Description
Is your feature request related to a problem? Please describe.
Loading an STF netcdf file from disk via xarray, as is and without further processing, leads to the following in memory dataset:
These days, such a dataset would arguably be designed using strings wherever possible for coordinates. In particular slicing through data to retrieve data for a given station can be done with the statement rain.sel( station_id = "123456A")
.
Trying to do a similar selection on the data set as loaded, rain.sel(station_id=123456)
would lead to KeyError: "'station_id' is not a valid dimension or coordinate
A similar observation can be done for the time
dimension needing to use date/time representation, perhaps even more so than for station_id
Note also that having coordinates that are starting at one (i.e. Fortran indexing) rather than zero (C/Python) is not inconsequential in practice; this is notoriously fertile ground for "off by one" bugs when slicing data for use in modelling.

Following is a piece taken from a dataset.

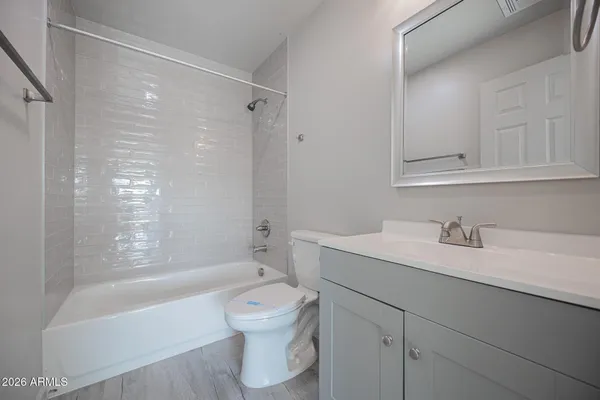 $1,195 | 2121 West Adams Street, Unit B202, Phoenix, AZ 85009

Describe the solution you'd like
The In-memory representation of STF via xarray has the following coordinates
- "time" (pandas.Timestamp or np.datetime64)
- station_id (str)
- ens_member (int) (note: probably can only be
int
in python anyway, likely 64 bits. int32 retained on-disk) - lead_time (int)
Additional context
Possible downsides:
- What is the performance downside, if any noticeable, when converting the in-memory data for writing to disk with "to_netcdf"
- This would likely make using xarray "lazy-loading" capabilities not possible anymore. Does it really matter "these days"?
Other considerations:
- "RAM windowed" time series for very large data not fitting in RAM.
xarray
backed bynetcdf
anyway does not offer native capabilities for this so far as I know. One would need to use zarr as an xarray backend, or perhaps other options (time series DBs?)